I wake on the lumpy couch in the office, my head pounding and body screaming. My monsters are hiding. The Mother is raging, her voice full of concern. “Oh you’re awake.” I sit up too fast and groan, feeling my arm muscles creak from exertion and remember the blood on my hands. Clean. Where is Brian? Why am I here? I clear my throat and the gum chewing cutie brings me a glass of water.
“Here doll. Your friend will be back soon. He just took your stuff over to the room. He’s cute… Are you guys a thing?”
Saved by the Bell. They ring lightly again as he comes through the door wearing a small smile. He speaks to her and I can’t make sense of a single word.

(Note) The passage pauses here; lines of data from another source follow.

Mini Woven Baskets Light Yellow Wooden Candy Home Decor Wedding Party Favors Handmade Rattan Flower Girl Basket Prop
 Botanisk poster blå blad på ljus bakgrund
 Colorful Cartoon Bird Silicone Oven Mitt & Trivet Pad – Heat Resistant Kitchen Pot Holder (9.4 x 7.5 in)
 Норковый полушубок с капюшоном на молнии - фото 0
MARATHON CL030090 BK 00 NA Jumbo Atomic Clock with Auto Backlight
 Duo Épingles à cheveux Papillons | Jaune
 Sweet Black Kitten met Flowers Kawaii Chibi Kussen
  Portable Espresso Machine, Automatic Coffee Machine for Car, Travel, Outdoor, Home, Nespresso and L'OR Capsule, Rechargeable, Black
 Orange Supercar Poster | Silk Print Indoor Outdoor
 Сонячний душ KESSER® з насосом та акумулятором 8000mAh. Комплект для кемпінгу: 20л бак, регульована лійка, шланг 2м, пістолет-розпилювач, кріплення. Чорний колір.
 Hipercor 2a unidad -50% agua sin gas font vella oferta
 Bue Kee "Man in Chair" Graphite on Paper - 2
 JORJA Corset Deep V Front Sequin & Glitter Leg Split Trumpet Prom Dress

I lower my head to my hands and rest my eyes a moment. His voice is deep and sonorous, filled with unselfconscious good humour and my heart almost relaxes. It seems too formulaic, like a bad film balls deep with clichés. The air explodes with glass and wood and Brian lands hard on the floor a gasp before the cutie’s head explodes in a shower of gore. It’s impossible and there he stands with the club dangling from his ruined forehead like some fucked up zombie. Behind him the chuckle of the devil I knew shatters what little strength I had left, I try to crawl away but the agony hits and I have no time to scream before the electricity takes me away.
I come to on the floor. Chained to the floor. To the wall. To the collar around my throat.It can’t be and I don’t want to be here. Where is here? How long have I been here? I count the time by the blood streaked handprints on the wall, by the thrusts of the stranger fucking me and by the used rubbers on the floor. I swore I’d never be here again. The stranger is whispering vile and horribly accurate facts into my ear and he brutally pinches my clit when I don’t respond. Biology betrays me and I sob when he ejaculates fire into me. He’s not protected and I start to cry. It’s not real. It can’t be real and he shoves me into the wall spitting “its real sweetheart. I paid twice, See you later.”
The chain is heavy. My neck is killing me and my thighs are turning colours. This is repayment for my betrayal, for running away again. For killing him. I will die here, by disease, by accident, but surely as a prisoner. Unless I end myself before that.